Medigap plans come in twelve different varieties, ranging from A to L, with different levels of coverage to suit your needs.  New laws have been passed, though, and certain Medigap plans (E, H, I and J) are set to be phased out as the current structure makes said plans redundant.  Two new plans (M and N) are set to take effect on June 1, 2010, which is also when E, H, I and J are to be phased out.  It is always prudent to consult with a Medigap plan advisor before requesting for a plan, so you can take advantage of the proper level of coverage.  Lists of Medigap plan advisors are accessible on the Internet, or you can also go to websites like for the latest and most updated information.

Since Medigap plans are required to follow Federal and State laws, there will naturally be limitations to what you can and cannot take advantage of.  And for those who are married, spouse’s Medigap plans would need to be purchased separately.  Such limitations are understandable, as there is no such thing as a perfect insurance plan, and these laws have been created with the best consumer interests in mind.

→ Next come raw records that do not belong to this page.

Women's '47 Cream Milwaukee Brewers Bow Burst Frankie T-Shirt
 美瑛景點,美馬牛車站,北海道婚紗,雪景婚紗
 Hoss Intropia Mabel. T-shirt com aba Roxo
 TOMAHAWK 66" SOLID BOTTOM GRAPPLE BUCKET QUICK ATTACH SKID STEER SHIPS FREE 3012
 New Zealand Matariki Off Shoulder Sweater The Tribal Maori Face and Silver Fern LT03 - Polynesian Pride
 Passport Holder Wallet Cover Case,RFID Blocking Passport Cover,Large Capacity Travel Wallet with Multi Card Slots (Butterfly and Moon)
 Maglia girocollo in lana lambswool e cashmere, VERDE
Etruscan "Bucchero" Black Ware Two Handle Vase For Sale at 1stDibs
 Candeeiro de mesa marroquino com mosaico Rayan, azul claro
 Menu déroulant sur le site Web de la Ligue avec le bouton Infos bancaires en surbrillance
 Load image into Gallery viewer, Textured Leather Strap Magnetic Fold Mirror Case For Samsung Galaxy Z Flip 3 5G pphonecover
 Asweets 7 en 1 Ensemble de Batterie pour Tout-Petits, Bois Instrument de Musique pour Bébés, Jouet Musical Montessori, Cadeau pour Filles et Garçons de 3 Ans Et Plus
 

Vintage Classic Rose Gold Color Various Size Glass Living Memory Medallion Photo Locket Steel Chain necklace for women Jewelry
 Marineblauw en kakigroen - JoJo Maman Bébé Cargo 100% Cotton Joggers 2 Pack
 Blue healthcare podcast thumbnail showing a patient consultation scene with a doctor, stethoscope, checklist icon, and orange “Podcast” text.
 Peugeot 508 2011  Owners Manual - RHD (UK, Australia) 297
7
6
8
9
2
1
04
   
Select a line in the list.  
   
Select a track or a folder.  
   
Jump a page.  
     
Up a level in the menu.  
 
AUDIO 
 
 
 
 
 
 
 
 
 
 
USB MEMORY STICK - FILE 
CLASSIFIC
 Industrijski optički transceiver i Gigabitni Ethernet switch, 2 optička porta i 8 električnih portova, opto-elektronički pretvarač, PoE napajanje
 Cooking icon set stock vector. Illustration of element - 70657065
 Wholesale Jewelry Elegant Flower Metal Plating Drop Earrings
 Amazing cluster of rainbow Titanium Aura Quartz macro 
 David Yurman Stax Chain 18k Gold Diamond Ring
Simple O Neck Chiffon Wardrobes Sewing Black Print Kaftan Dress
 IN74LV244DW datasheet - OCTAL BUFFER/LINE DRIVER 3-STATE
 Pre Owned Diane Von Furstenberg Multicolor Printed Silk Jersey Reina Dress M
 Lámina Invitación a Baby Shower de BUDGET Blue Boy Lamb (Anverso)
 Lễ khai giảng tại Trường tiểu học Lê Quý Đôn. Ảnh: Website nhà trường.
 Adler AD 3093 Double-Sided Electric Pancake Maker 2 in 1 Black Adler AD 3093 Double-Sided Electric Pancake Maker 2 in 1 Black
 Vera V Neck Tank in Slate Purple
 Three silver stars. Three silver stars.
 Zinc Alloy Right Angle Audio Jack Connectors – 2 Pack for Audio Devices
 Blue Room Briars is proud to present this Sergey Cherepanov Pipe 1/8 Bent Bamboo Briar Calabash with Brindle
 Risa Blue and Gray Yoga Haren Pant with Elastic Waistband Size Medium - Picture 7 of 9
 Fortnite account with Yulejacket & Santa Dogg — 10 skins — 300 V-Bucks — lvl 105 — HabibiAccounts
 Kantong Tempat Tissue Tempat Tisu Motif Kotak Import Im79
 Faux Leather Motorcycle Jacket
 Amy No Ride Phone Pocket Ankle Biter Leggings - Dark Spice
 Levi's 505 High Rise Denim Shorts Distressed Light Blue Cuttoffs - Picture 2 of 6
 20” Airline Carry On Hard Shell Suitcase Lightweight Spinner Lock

There is no doubt about it, insurance is very important for those “Golden Years”, the years spent relaxing after a long career in the industry, and the years enjoying one’s retirement.  Emergencies are naturally almost impossible to predict, but having a good insurance plan alleviates a lot of concerns along the way.  But having a Medigap plan present is sure to, at the very least, help you save more money in the long run, or take advantage of benefits not otherwise covered in a standard Medicare policy.